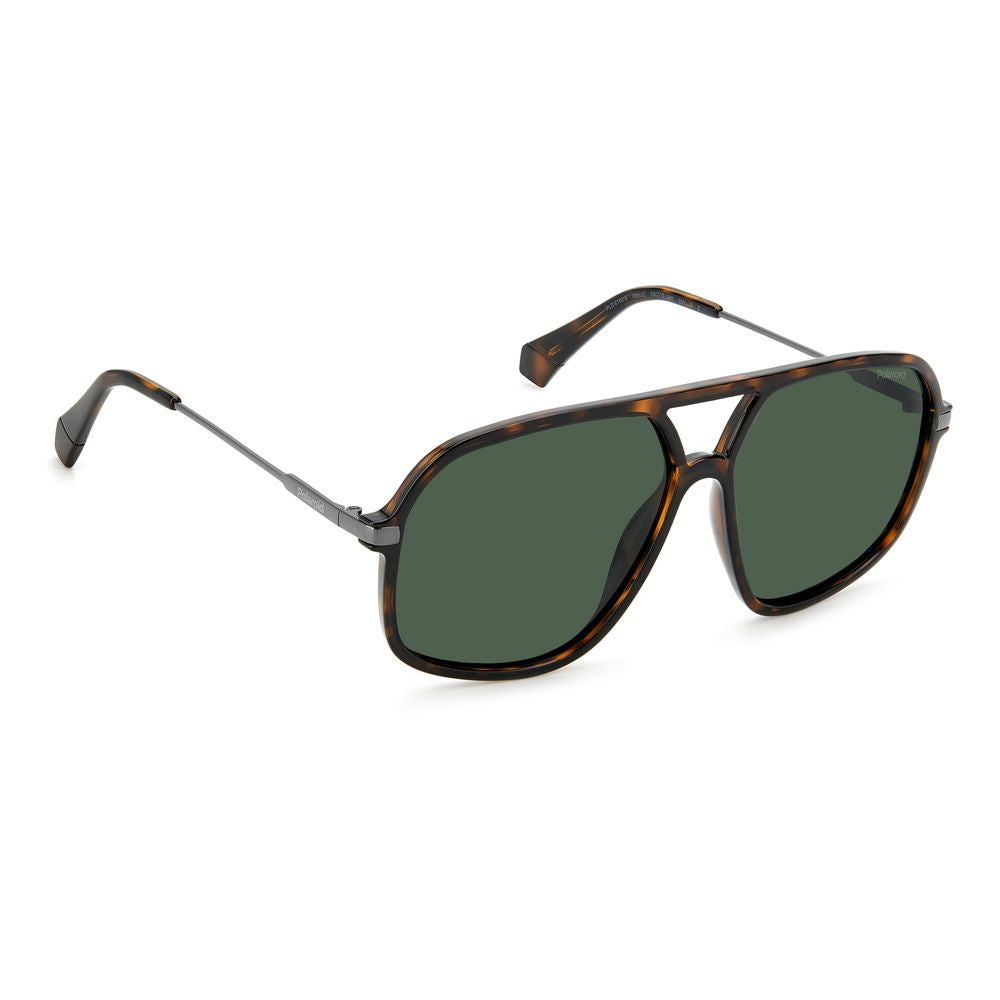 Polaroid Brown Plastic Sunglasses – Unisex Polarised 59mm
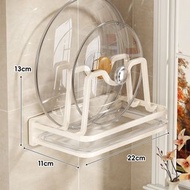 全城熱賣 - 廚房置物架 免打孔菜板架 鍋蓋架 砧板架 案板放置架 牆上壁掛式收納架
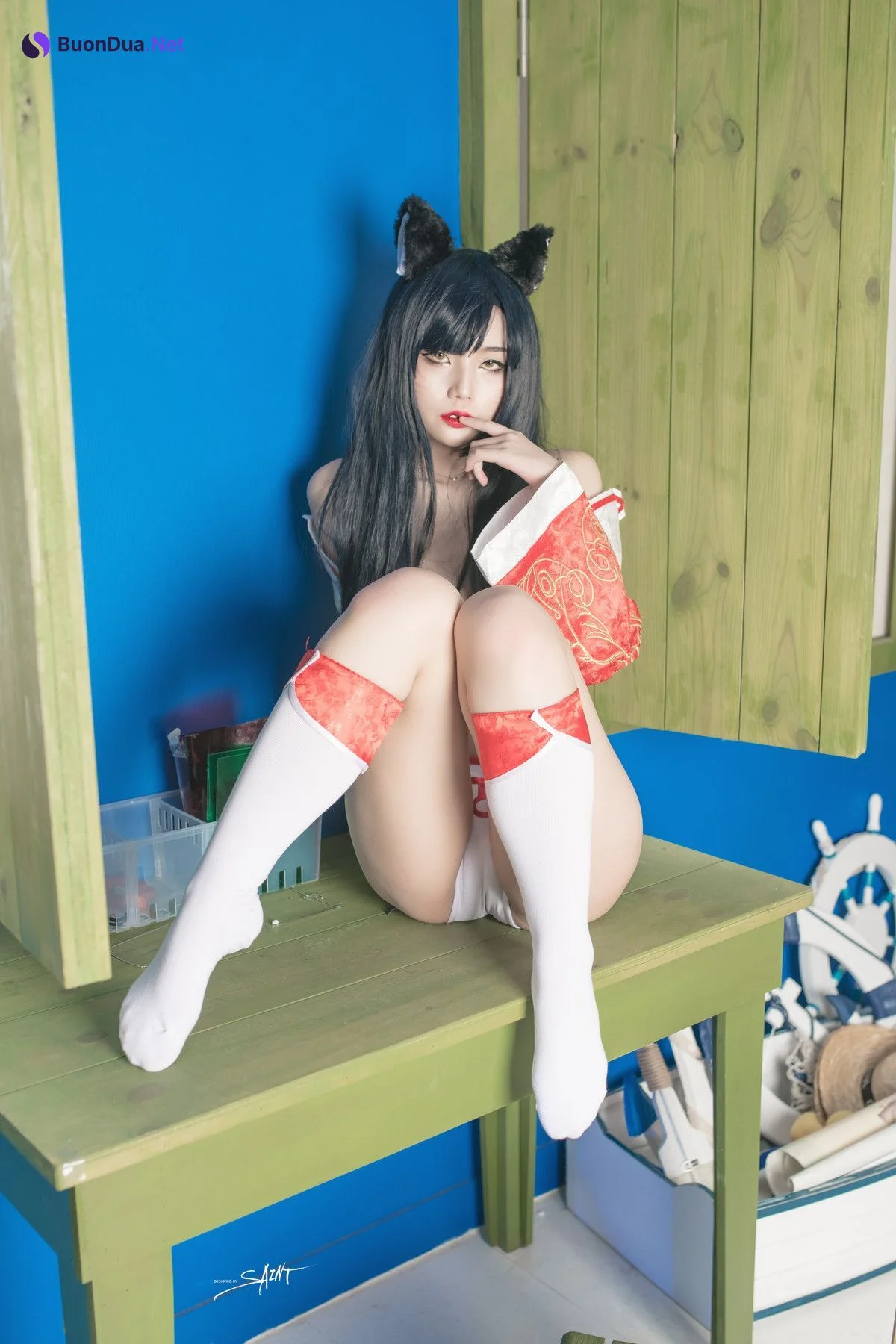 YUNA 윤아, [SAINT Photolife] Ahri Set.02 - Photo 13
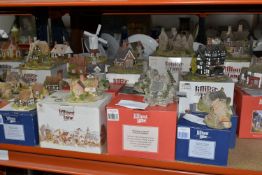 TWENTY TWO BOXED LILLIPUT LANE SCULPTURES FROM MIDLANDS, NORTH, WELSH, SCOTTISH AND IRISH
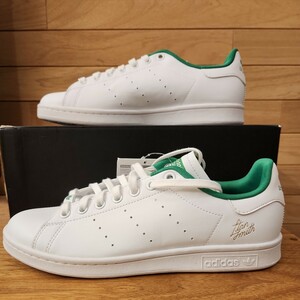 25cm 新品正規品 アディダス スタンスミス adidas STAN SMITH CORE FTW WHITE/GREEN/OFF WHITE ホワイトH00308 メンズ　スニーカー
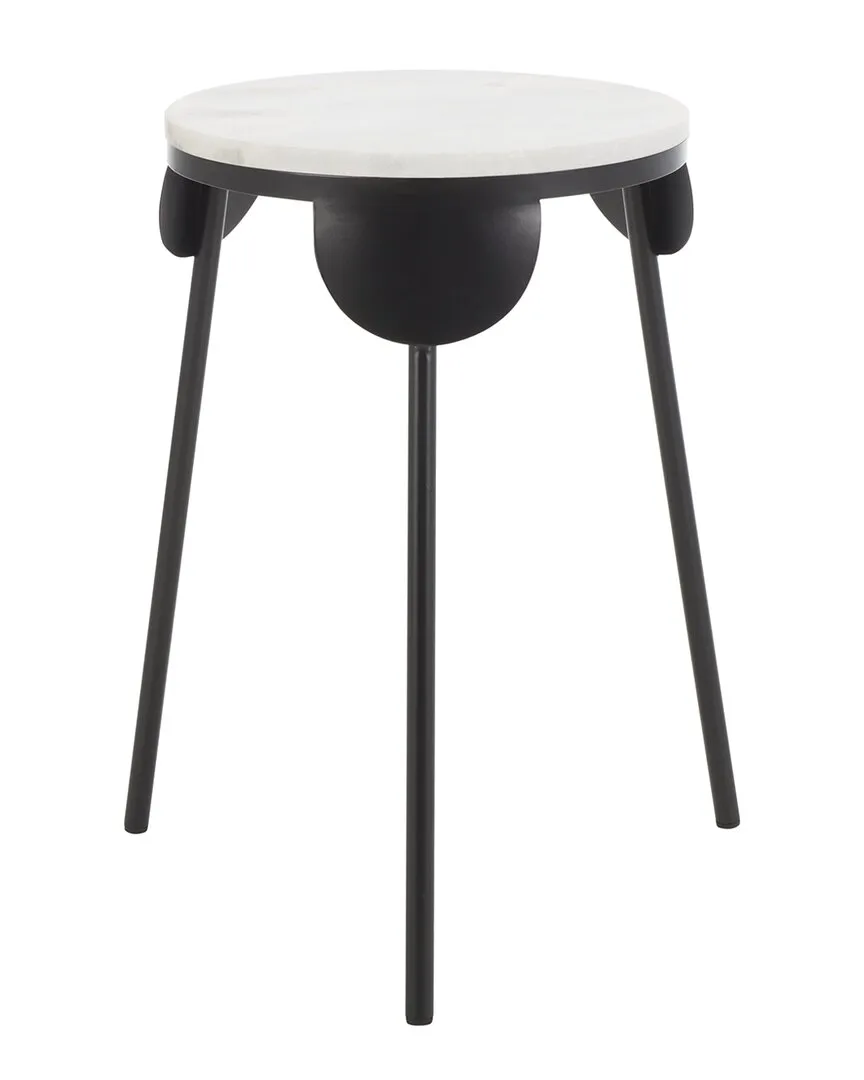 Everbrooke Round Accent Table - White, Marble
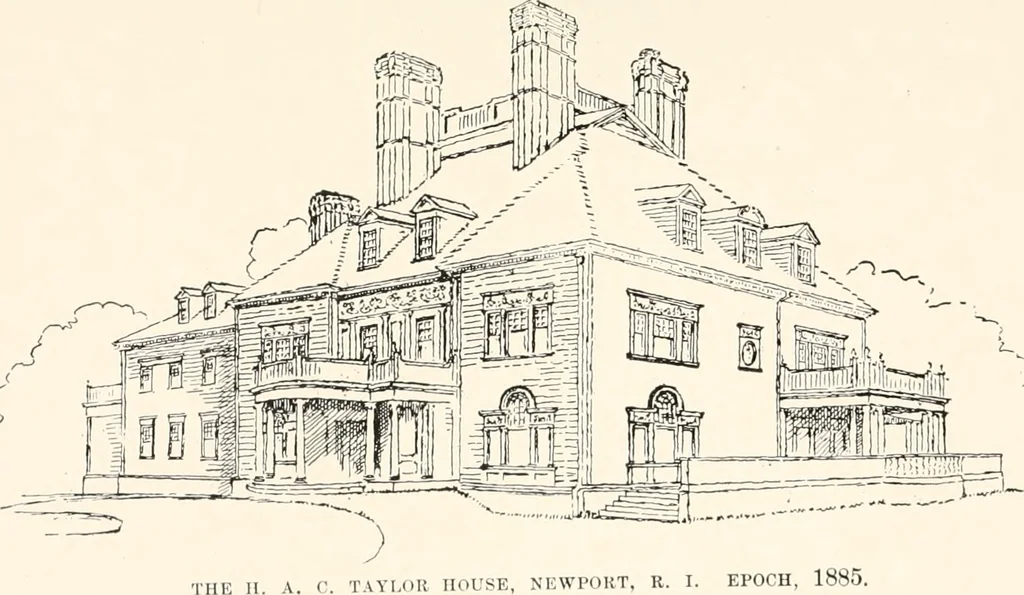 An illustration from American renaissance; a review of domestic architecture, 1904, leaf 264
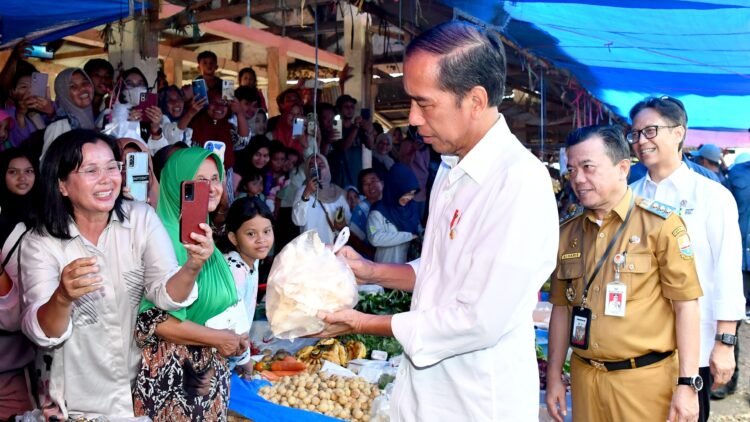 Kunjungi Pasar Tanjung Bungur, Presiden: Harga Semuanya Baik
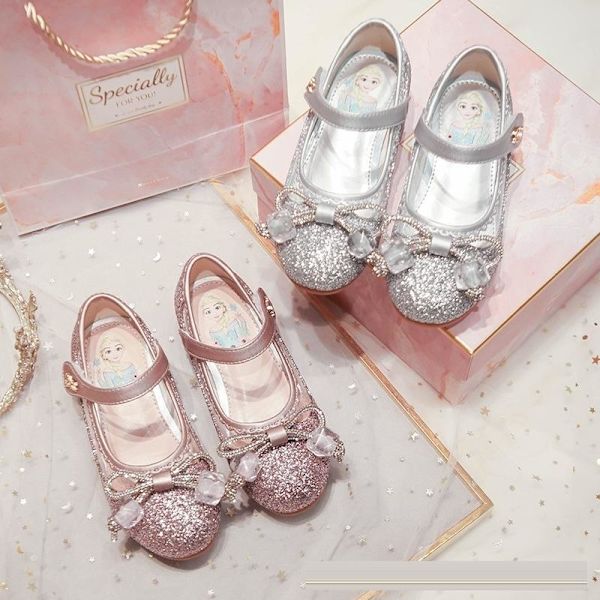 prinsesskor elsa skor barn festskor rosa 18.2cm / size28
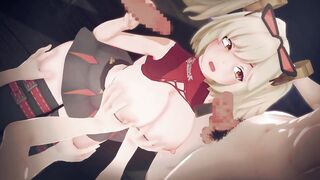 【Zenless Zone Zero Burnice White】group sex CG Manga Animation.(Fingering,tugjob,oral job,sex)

▸ ACTION ITEM: When you transcribe the entries, reproduce each line exactly and skip any picture.

▸ REPLY:
 Polaroid Brown Plastic Sunglasses – Unisex Polarised 59mm
 全城熱賣 - 廚房置物架 免打孔菜板架 鍋蓋架 砧板架 案板放置架 牆上壁掛式收納架
 YUNA 윤아, [SAINT Photolife] Ahri Set.02 - Photo 13
 TWENTY TWO BOXED LILLIPUT LANE SCULPTURES FROM MIDLANDS, NORTH, WELSH, SCOTTISH AND IRISH
 25cm 新品正規品 アディダス スタンスミス adidas STAN SMITH CORE FTW WHITE/GREEN/OFF WHITE ホワイトH00308 メンズ　スニーカー
 Everbrooke Round Accent Table - White, Marble
 An illustration from American renaissance; a review of domestic architecture, 1904, leaf 264
 Kunjungi Pasar Tanjung Bungur, Presiden: Harga Semuanya Baik
 prinsesskor elsa skor barn festskor rosa 18.2cm / size28
 【Zenless Zone Zero Burnice White】group sex CG Manga Animation.(Fingering,tugjob,oral job,sex)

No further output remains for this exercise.